Origin: Kathmandu, Nepal / Destination: Madrid, Spain

How was this meeting/activity helpful to you?

This was the first international conference on palliative care that I attended. The topics for oral and poster presentation were very diverse due to the inclusion of topics from developed as well as developing countries. The conference offered me the chance to widen my horizon on various aspects of palliative care as well as build network with practitioners from all over the world. The meeting with IAHPC members as well as the fellow grant winners at the pre-congress event was very positive part of the program. lt enabled us to share our experiences of palliative care practice and gain insight into the recent advances in developed countries. lt was a privilege for me to meet Ms. L De Lima, Ms. G Napier, Ms. K Pettis, Ms. A Jackson and Ms. L Rozo. With Ms. K Pettis's initiative I got a chance to present overviews on opioid prescription in Nepal with Sue Collins from Moonshine and hope the availability and prescription opioids would be easier in Nepal in the days to come.

How will you new knowledge & acquired skills help in furthering your work in hospice and palliative care in your program/city/ or country?

In Nepal, the concept of palliative care is still new and is limited to only a few centers. Palliative care mainly deals with pain and other symptom management. Till now morphine is the drug for chronic pain management but I learnt about methadone in the Congress and will use it in my clinic available in Nepal. Palliative care is mainly hospital based and based on medicines in my country. Now I understand the psychosocial and spiritual aspect of palliative care and will incorporate them in my hospital. My poster was based on pain and palliative care during disasters. Nepal is disaster prone and many people are disabled due to natural and human-made disasters as well as the decade-long conflict. I attended a presentation of inclusion of a diasble person in palliative care research. Such prospects will be useful in our situation too. One of the drawbacks in our country is the maintenance of database and research with my newfound knowledge on palliative care research network. I want to advance palliative care research in Nepal.

How IAHPC Traveling Scholars Program be improved in order to help other future traveling scholars?

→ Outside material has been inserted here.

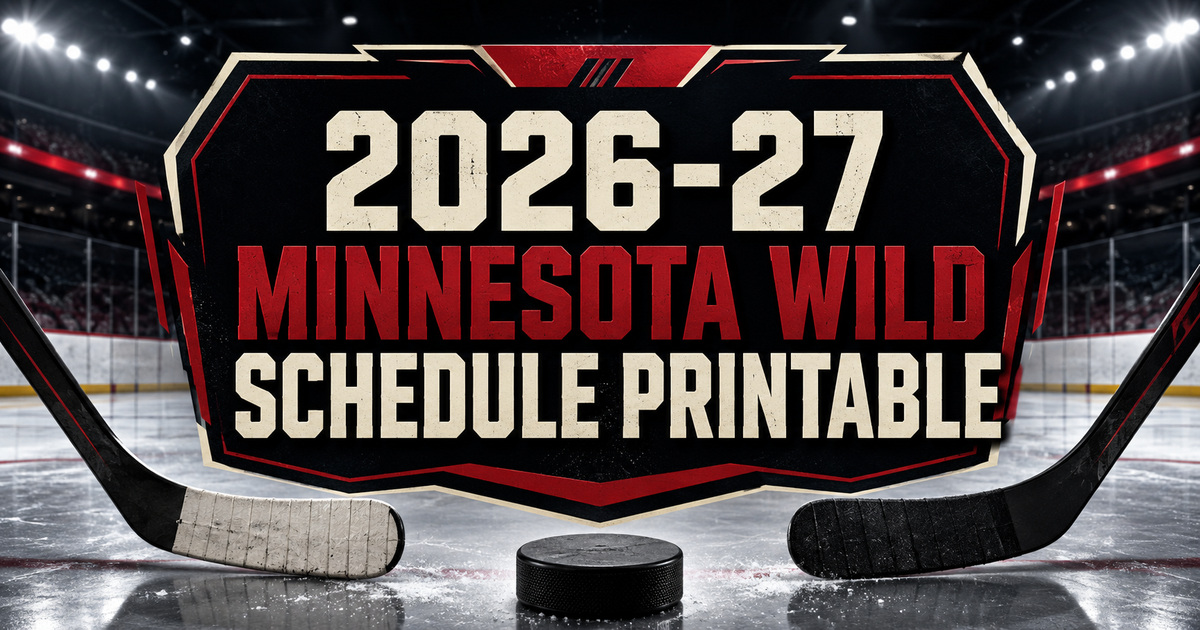 2026-27 Minnesota Wild Schedule Printable Featured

Traveling scholarship is very beneficial program especially for people like us from developing world.  It gives us an opportunity to present the situation of palliative care in our home country at a professional platform like EAPC I attended.  Such congresses do not happen in our country and even to attend congresses in our region the financial constraints impede us.  IAHPC grantees network is also a valuable tool which will come handy when we reach leadership and decision making level in our country.  The Traveling Scholarship program is very well implemented by IAHPC.  I only want to request that we get a chance to avail it again in future.  If possible please give me a chance to attend Palliative care conferences in other continents and benefit from the proceedings.  If possible please reduce or eliminate the time frame of 3 years to apply for traveling scholarship since we do not have financial means to attend conferences.  I want to request you to allow us to benefit from Traveling Fellowships where we can attend a palliative care center for few weeks and get trained and updated so that we can apply our knowledge in practice at home country.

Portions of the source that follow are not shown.